Yea, all He shews the reason why the younger ought to submit to the elder, even that there might be an equable state of things and due order among them. For, when authority is granted to the elders, there is not given them the right or the liberty of throwing off the bridle, but they are also themselves to be under due restraint, so that there may be a mutual subjection. So the husband is the head of the wife, and yet he in his turn is to be in some things subject to her. So the father has authority over his children, and still he is not exempt from all subjection, but something is due to them. The same thing, also, is to be thought of others. In short, all ranks in society have to defend the whole body, which cannot be done, except all the members are joined together by the bond of mutual subjection. Nothing is more adverse to the disposition of man than subjection. For it was formerly very truly said, that every one has within him the soul of a king. Until, then, the high spirits, with which the nature of men swells, are subdued, no man will give way to another; but, on the contrary, each one, despising others, will claim all things for himself.

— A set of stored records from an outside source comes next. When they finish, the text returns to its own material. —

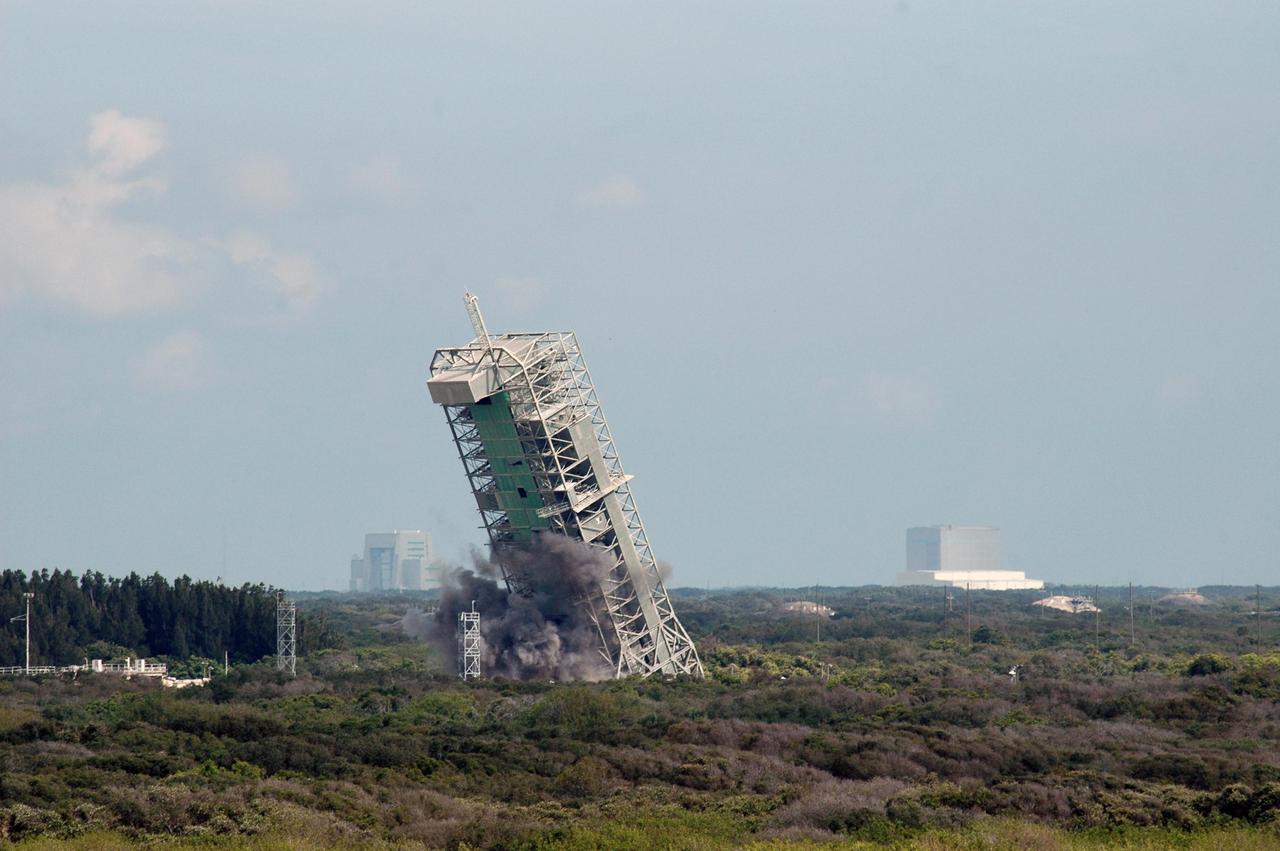 KENNEDY SPACE CENTER, FLA. --   The 209-foot-tall mobile service tower on Pad 39-A of Space Launch Complex 36 on Cape Canaveral Air Force Station careens to the left after 122 pounds of explosives eliminated the base.  The tower is one of two that were identified for demolition. The old towers are being toppled as part of the ongoing project to demolish the historic site to prevent corrosion from becoming a safety concern.   A majority of the steel will be recycled and the rest will be taken to the landfill at CCAFS.  Complex 36 was the birthplace of NASA's planetary launch program.  It was built for the Atlas/Centaur development program and was operated under NASA's sponsorship until the late 1980s. Complex 36 hosted many historic missions over the years including Surveyor that landed on the moon and Mariner that orbited Mars and included one to Mercury.  Two of the most historic launches were the Pioneer 10 and 11 space probes that were launched to Jupiter and are now outside of the solar system in interstellar space.  Also, the historic Pioneer Venus spacecraft included an orbiter and a set of probes that were dispatched to the surface.  While Launch Complex 36 is gone, the Atlas/Centaur rocket continues to be launched as the Atlas V from Complex 41. Photo credit: NASA/Charisse Nahser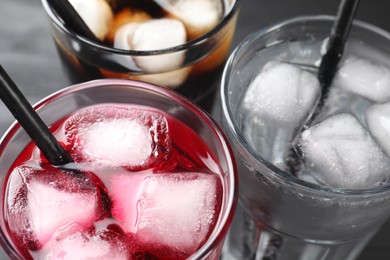 Glasses of different refreshing soda water with ice cubes and straws on grey table, closeup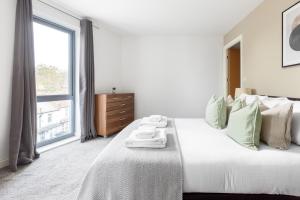 een slaapkamer met een groot wit bed en handdoeken bij The Colindale Collection in Colindale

Hence the Apostle, in order that humility may dwell among us, wisely reproves this haughtiness and pride. And the metaphor he uses is very appropriate, as though he had said, “Surround yourselves with humility on every side, as with a garment which covers the whole body.” He yet intimates that no ornament is more beautiful or more becoming, than when we submit one to another.

For, or, because. It is a most grievous threatening, when he says, that all who seek to elevate themselves, shall have God as their enemy, who will lay them low. But, on the contrary, he says of the humble, that God will be propitious and favorable to them. We are to imagine that; God has two hands; the one, which like a hammer beats down and breaks in pieces those who raise up themselves; and the other, which raises up the humble who willingly let down themselves, and is like a firm prop to sustain them. Were we really convinced of this, and had it deeply fixed in our minds, who of us would dare by pride to urge war with God? But the hope of impunity now makes us fearlessly to raise up our horn to heaven. Let, then, this declaration of Peter be as a celestial thunderbolt to make men humble.

But he calls those humble, who being emptied of every confidence in their own power, wisdom, and righteousness, seek every good from God alone. Since there is no coming to God except in this way, who, having lost his own glory, ought not willingly to humble himself?